I have been spending some time with the latest media tablet, the BlackBerry PlayBook
and in my last write-up, I covered the BlackBerry PlayBook Bridge feature
. While in its infancy, the PlayBook Bridge provides some advantages, particularly in enterprises with an investment in BlackBerry Enterprise Server
(BES). To consumers, there is value in the shared browser, basically enabling tethering without an additional fee. What I’d like to take a look at are some future bridging capabilities I believe could benefit the consumer even more.
What Is Bridging?
Simply put, bridging is peer-to-peer communication between electronic devices. Devices can connect today, but require networking protocols and hardware that add complexity and latency. If you haven’t read my blog on the PlayBook Bridge, this shows a bridging implementation today between the PlayBook tablet and a BlackBerry smartphone. In the future, data sets will be larger, but so will the wireless pipes that connect the data. New generations peer to peer or PAN technologies of WiFi
, and Bluetooth will make the fast, wireless transfer of data even quicker and with less latency versus a LAN or WAN.
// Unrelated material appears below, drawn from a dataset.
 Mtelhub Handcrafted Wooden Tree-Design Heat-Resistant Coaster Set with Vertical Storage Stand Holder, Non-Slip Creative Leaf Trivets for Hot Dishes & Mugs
Below are a few useful “bridging” functions that I can see adding benefit for the consumer:
If I am bridged to another device, I would like to share the peripherals it is connected to and vice versa. Specifically, I would like to more easily connect to the other device’s display, storage, network, and printers. The benefits are ease of use in that I only need to connect to the host device and not duplicate or triplicate a complex setup.
When I walk into my home office in the future, I’d like to press one button on my smartphone and display what’s on its multiple screens on my multiple large monitors. Imagine five Honeycomb screens lighting up my five 17″ monitors. I’d also like to bridge to my large workstation to leverage its terabytes of storage and printers without having to go through the router or be mired in network, WAN, DLNA
or PnP hell. I understand that it is possible to connect many of these peripherals today, but setup and reliability is lacking.
With operating systems and application environments splintering at a fast rate, the odds are high that a consumer could have four devices that don’t run any of the same code. That person could have an Android smartphone, an iPad, a set top box and a Windows PC. Sure, many ISVs recode for different OSes and application environments, but can they afford to do this in the future and what about the Tier 2 applications or even the long tail?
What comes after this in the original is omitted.